#### Records for this exercise
####################
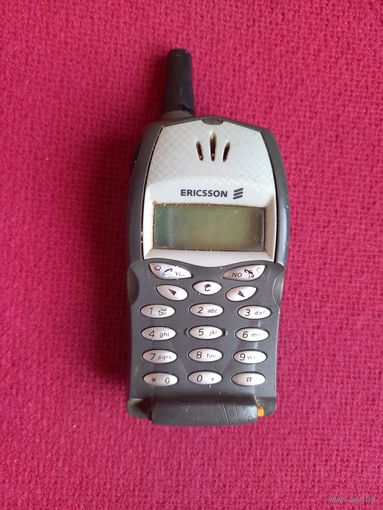 Телефон кнопочный Ericsson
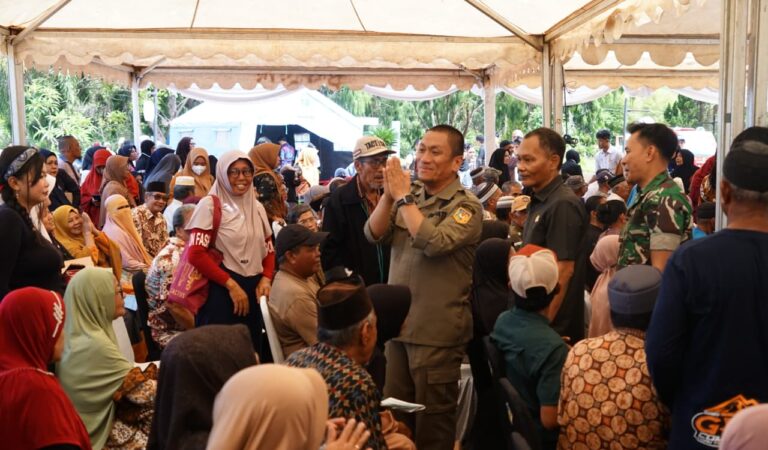 Pemkab Luwu Timur Salurkan Bantuan Rp1 Juta per Bulan Lewat Program Kartu Lansia Pemkab Luwu Timur Salurkan Bantuan Rp1 Juta per Bulan Lewat Program Kartu Lansia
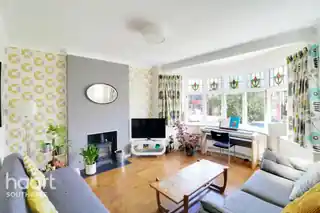 27 Oakwood Avenue, photo 2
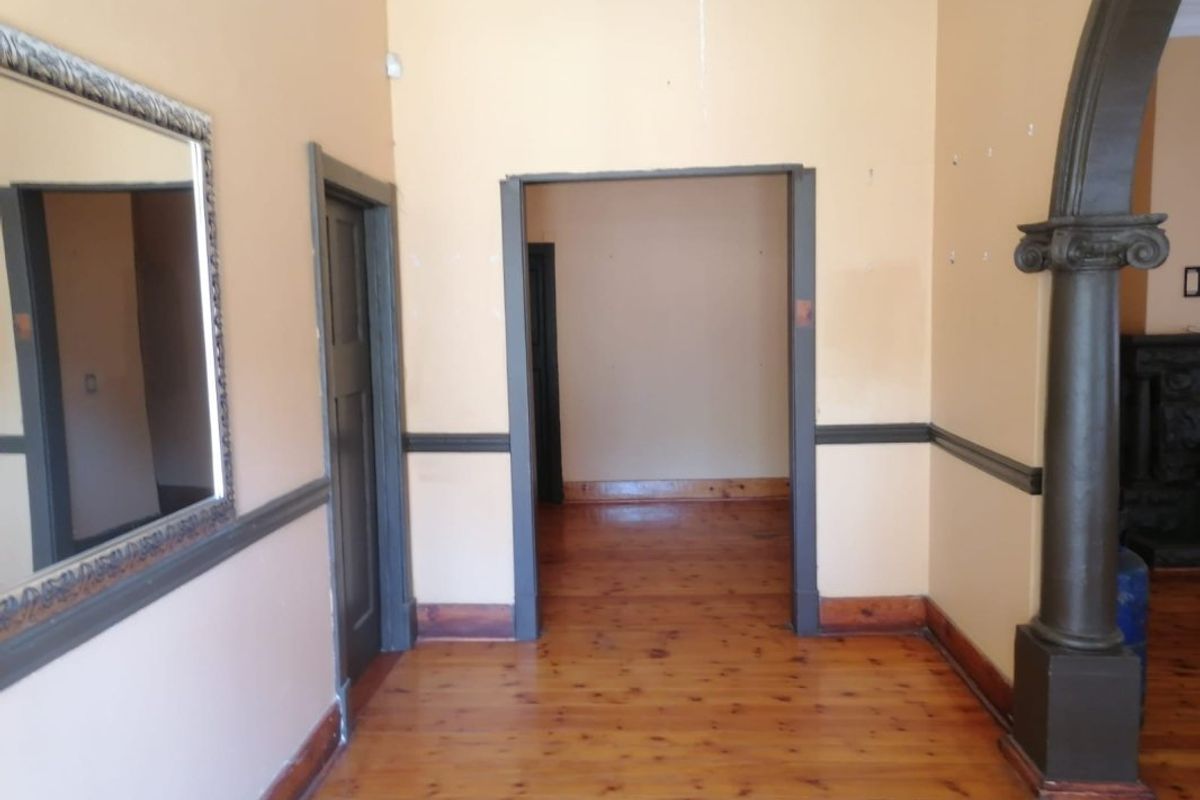 SPACIOUS FAMILY HOME WITH COTTAGES & EXCELLENT ENTERTAINMENT FEATURES! - Photo 4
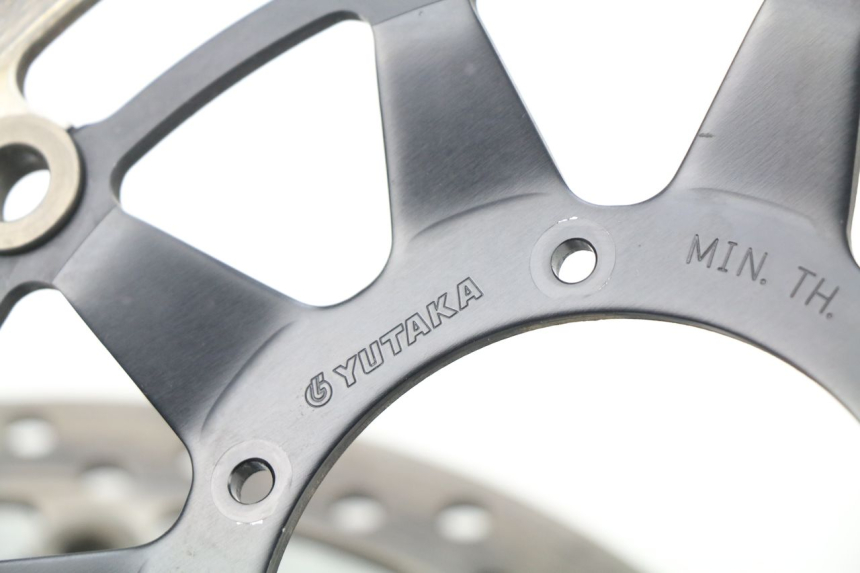 photo de COPPIA DISCO FRENO ANTERIORE HONDA CBR RR FIREBLADE 1000 (2006 - 2007) - Caratteristiche distintive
####################
#### Exercise brief
Print, word for word, every entry shown above; the pictures stay out.

#### Task output
 Телефон кнопочный Ericsson
 Pemkab Luwu Timur Salurkan Bantuan Rp1 Juta per Bulan Lewat Program Kartu Lansia Pemkab Luwu Timur Salurkan Bantuan Rp1 Juta per Bulan Lewat Program Kartu Lansia
 27 Oakwood Avenue, photo 2
 SPACIOUS FAMILY HOME WITH COTTAGES & EXCELLENT ENTERTAINMENT FEATURES! - Photo 4
 photo de COPPIA DISCO FRENO ANTERIORE HONDA CBR RR FIREBLADE 1000 (2006 - 2007) - Caratteristiche distintive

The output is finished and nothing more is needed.